Contributing to COMPASS#

This document discusses working on the COMPASS code base and documentation.

Overview#

  • All code changes should be submitted via a pull request (PR) and reviewed/approved by a core team member before merging (see Contributing Process below for more details).

  • Before setting up your environment, see the Development environment guidelines.

  • All code should adhere to PEP8 (if you haven’t read over it in a while, we recommend you skim it again for a refresher).

  • All code should adhere to the Stylistic guidelines.

  • All code should have tests (see Test coverage below for more details).

  • All code should be documented (see Documentation below for more details).

Contributing Process#

If you need a refresher on contributing code via GitHub using a pull request, check out the official GitHub documentation. There, you can learn how to create a branch, open a pull request, and request a review.

If you are not sure where or how to start contributing to COMPASS, consider reaching out to the current developer(s): Paul Pinchuk [”ppinchuk@nrel.gov”] or Guilherme Pimenta Castelao [”gpimenta@nrel.gov”].

When you are ready to contribute to COMPASS, clone a copy of the COMPASS repository from GitHub, check out your own branch, and make the appropriate changes locally. Ensure that your new code adheres to all of the guidelines below. When you are happy with your code, commit it locally. Ensure that you commit all tests that go along with your code change.

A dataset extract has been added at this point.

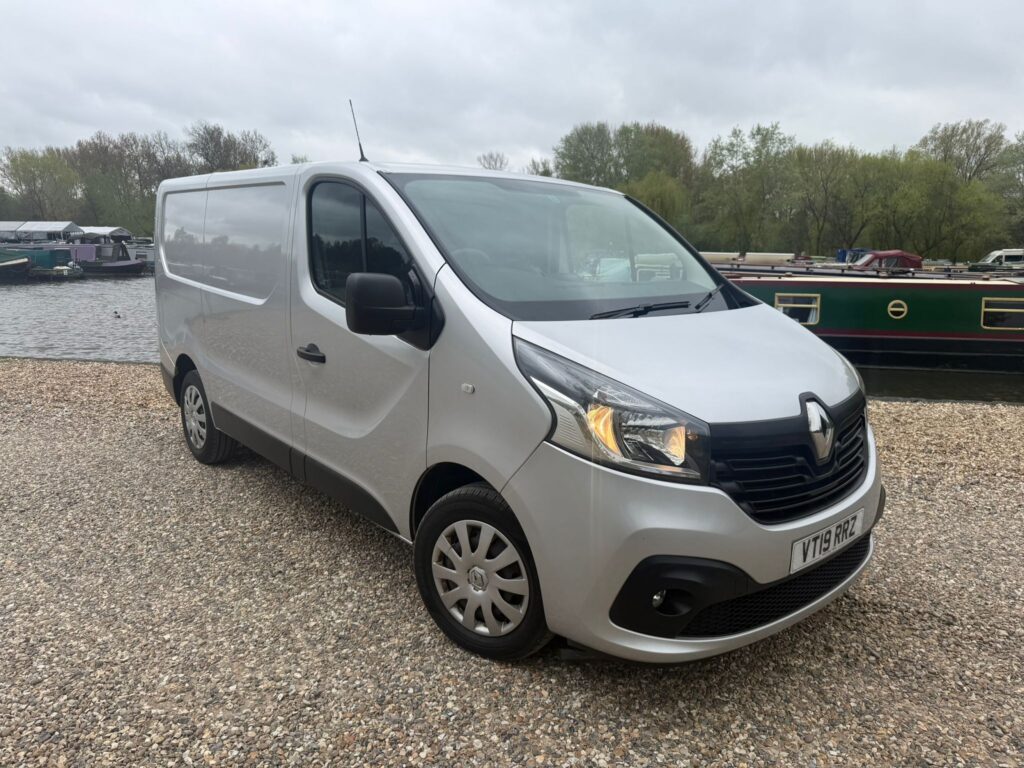 VT19RRZ Renault Trafic 1.6 dCi ENERGY 27 Business+ SWB Standard Roof Euro 6 (s/s) 5dr 3 MONTHS WARRANTY 12 MONTHS AA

Once all your code changes are committed locally and your code passes all tests, push it to the GitHub repository and open a PR. Give your PR a short title and briefly describe your changes. Request that one of the core COMPASS developers reviews your PR. We will likely ask you to make some modifications before you can merge. This is typical and ensures that the quality of the overall codebase remains somewhat consistent.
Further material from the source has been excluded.